**Prompt**
Your answer must be only the lines below from the one containing "Drunks R Us Sign, San Pedro, Guatemala" through the one containing "Socken Bamboo Paw Print denim", copied exactly, with the pictures left out.

**Material supplied**
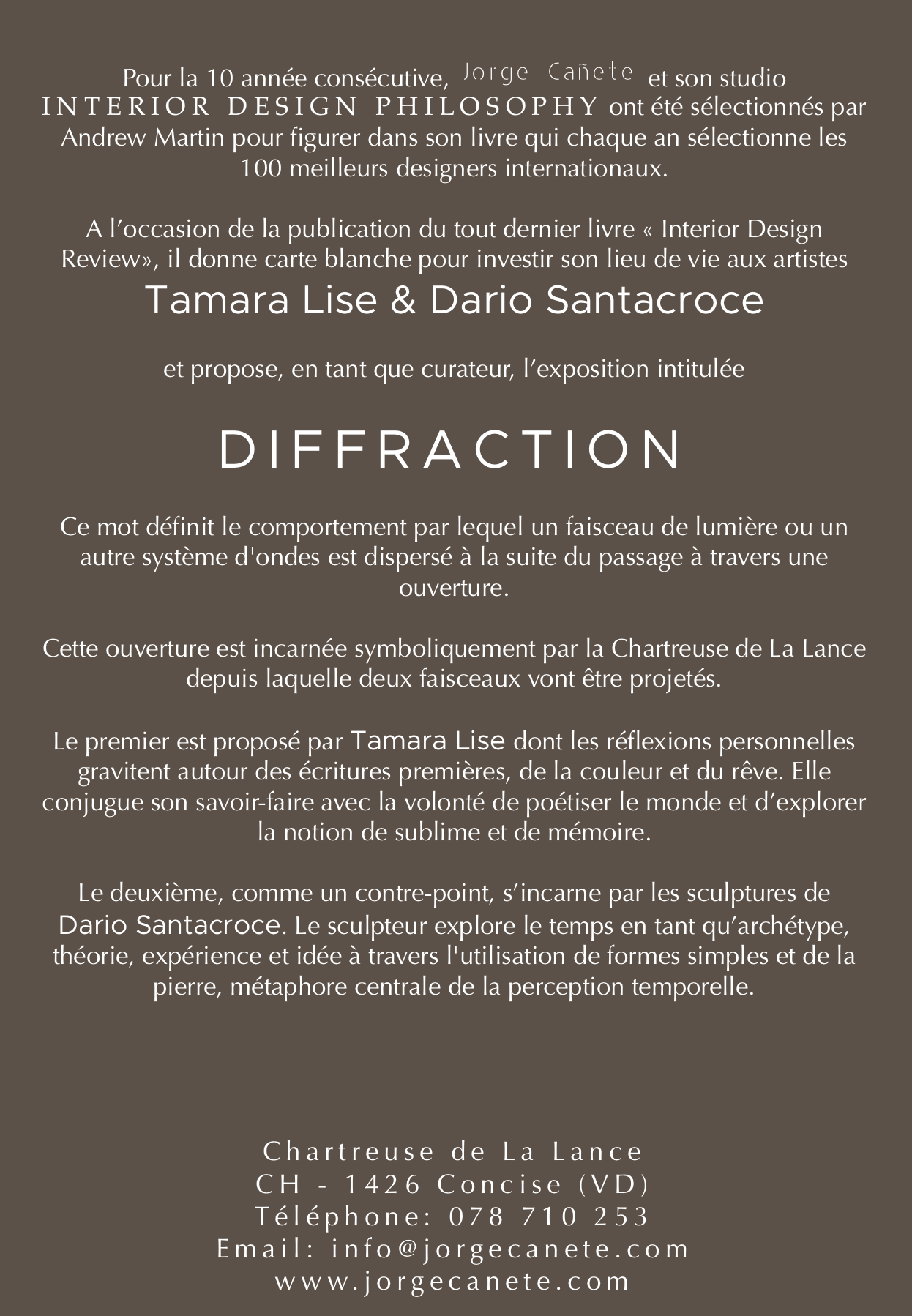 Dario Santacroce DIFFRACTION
==
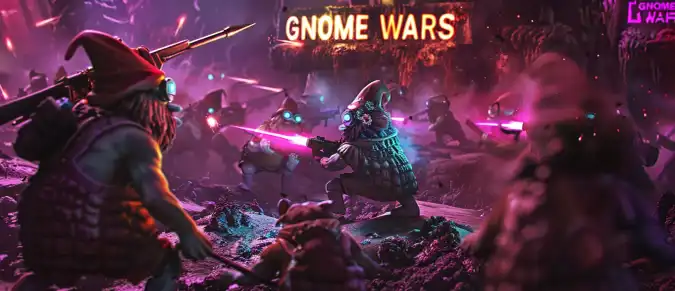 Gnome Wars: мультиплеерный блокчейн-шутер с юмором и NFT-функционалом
---
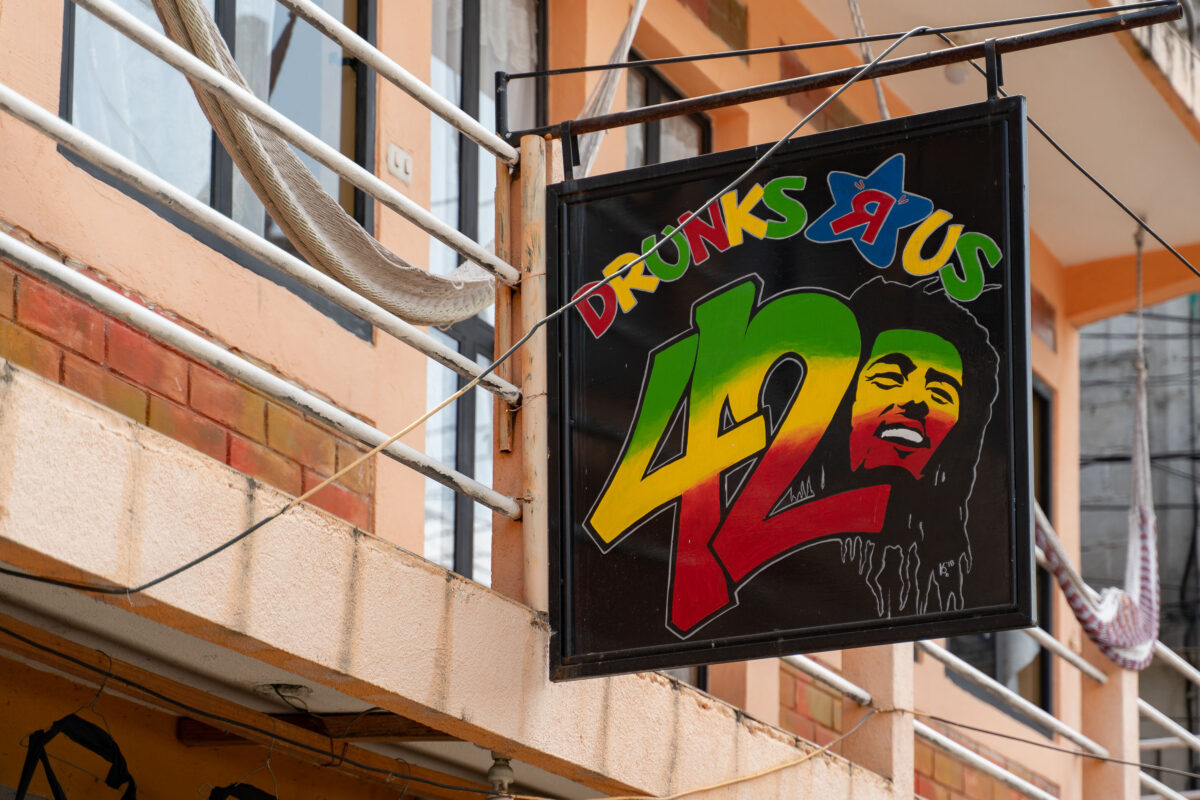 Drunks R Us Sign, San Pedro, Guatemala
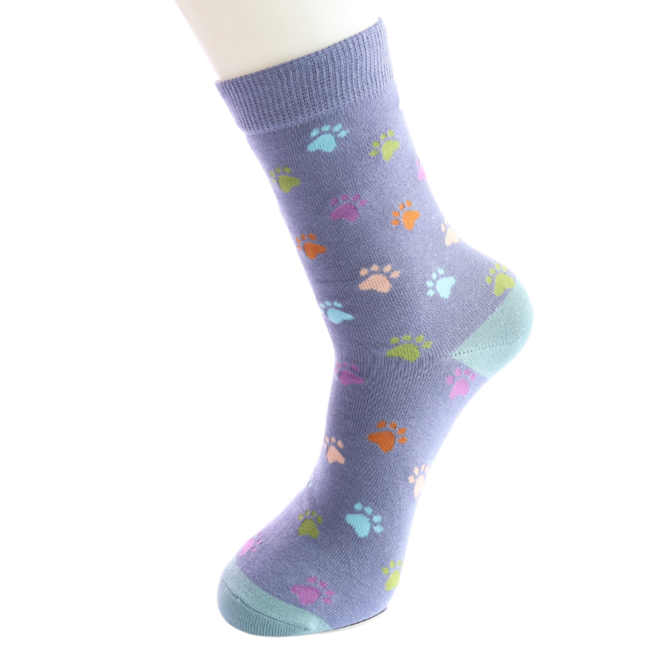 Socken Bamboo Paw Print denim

**Result of the exercise**
 Drunks R Us Sign, San Pedro, Guatemala
 Socken Bamboo Paw Print denim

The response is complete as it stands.